«« SCRUTIN - PROPORTIONNELLE

Tinkering with how we vote

DON MACPHERSON
Montreal Gazette Tuesday, August 20, 2002

Parti Québécois governments have never been shy about using electoral reform for their own partisan purposes. The PQ's first and best-known reform, the political finances law, set the example.

The law allows only Quebec voters, not businesses, unions or lobby groups, to make contributions and requires parties and candidates to disclose the names of their donors. It largely cleaned up provincial politics at a stroke by eliminating secret political slush funds (with the notable exception of those for party leadership campaigns).

For the PQ, it also had the advantage of forcing the other parties to play by rules the PQ had already imposed upon itself and cutting them off from their traditional funding sources. And it didn't give them much time to adapt since it was adopted only a couple of years before the first sovereignty referendum in 1980.

More recently, the current PQ administration responded to illegal voting by federalists in the 1995 referendum by tightening up voter-identification requirements. But it ignored a proposal by the chief electoral officer at the time to take control of the polls on voting day out of the hands of government supporters, after sovereignist scrutineers illegally rejected valid federalist votes.

They Don't Hide It

The PQ no longer bothers trying to conceal its partisan intentions. On the weekend, the minister for reform of democratic institutions, Jean-Pierre Charbonneau, told members of the party's youth wing that he favours the introduction of proportional representation at least partly because it would help the PQ.

(Proportional representation, or PR, is a system of voting in which seats are distributed according to the parties' respective shares of the popular vote.)

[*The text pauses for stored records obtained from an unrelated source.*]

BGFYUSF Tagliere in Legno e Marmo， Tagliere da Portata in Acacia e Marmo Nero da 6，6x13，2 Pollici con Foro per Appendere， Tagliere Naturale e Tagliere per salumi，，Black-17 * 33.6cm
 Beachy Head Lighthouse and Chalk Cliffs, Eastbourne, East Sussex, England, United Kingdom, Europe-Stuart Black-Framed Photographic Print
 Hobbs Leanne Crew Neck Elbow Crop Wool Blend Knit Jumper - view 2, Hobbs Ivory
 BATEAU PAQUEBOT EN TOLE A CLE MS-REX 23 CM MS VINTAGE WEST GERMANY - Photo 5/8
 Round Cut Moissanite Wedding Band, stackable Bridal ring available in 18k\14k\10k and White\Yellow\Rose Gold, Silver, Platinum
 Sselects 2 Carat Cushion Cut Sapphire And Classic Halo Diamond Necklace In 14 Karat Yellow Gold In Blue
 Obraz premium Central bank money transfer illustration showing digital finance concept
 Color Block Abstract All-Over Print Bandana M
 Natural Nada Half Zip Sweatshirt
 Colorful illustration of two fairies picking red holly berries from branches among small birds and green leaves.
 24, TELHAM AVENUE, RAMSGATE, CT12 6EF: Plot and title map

Even though the present plurality or "first past the post" system favours the PQ, Charbonneau explained that showing voters the PQ is willing to change the electoral system would make up for its inability to achieve sovereignty.

But the voters will take some convincing that the system needs the radical overhaul proposed by Charbonneau, who wants nothing less than to replace Quebec's present British parliamentary system with an American presidential one.

Poll results published yesterday suggest that of all Canadians, Quebecers least favour introduction of PR and most support keeping the present system.

Those questioned in the survey, conducted by Environics/Focus Canada for the Montreal-based Association for Canadian Studies, were asked to choose the best electoral system for Canada. Only 30 per cent of Quebecers chose PR while 48 per cent preferred the present system. Support for PR was highest in the west, with 39 per cent of Albertans and 43 per cent of British Columbians preferring it.

Charbonneau challenged the results, referring to findings of another survey, this one conducted in Quebec only in May, suggesting that 73 per cent of voters were in favour of introducing at least an element of PR. Also, he might have pointed out that the question in the later survey referred to Canada, not Quebec, and that the poll was conducted in late June and early July, when interest in politics is low. But observers offered the explanation that the wide difference between the results of the two surveys merely shows that Quebecers don't hold firm opinions on the question because they haven't thought about it. Indeed, the consistently high turnout of Quebecers in provincial elections and referendums suggests that they don't think the system is so badly broken it needs fixing.

After Election

Charbonneau said again on the weekend that any reform won't be introduced until after the next general elections, which must be held by the end of next year. But there is one badly needed change the parties can and should make before the next election. That's to address the under-representation of Quebec's linguistic and cultural minorities in the National Assembly. The minorities make up roughly one-sixth of the population, but minority members hold only about one-tenth of the 125 seats in the present Assembly.

Since the parties have already begun choosing their candidate for the election, it's not too soon for them to say what steps they'll take to reduce minority under-representation in the next Assembly.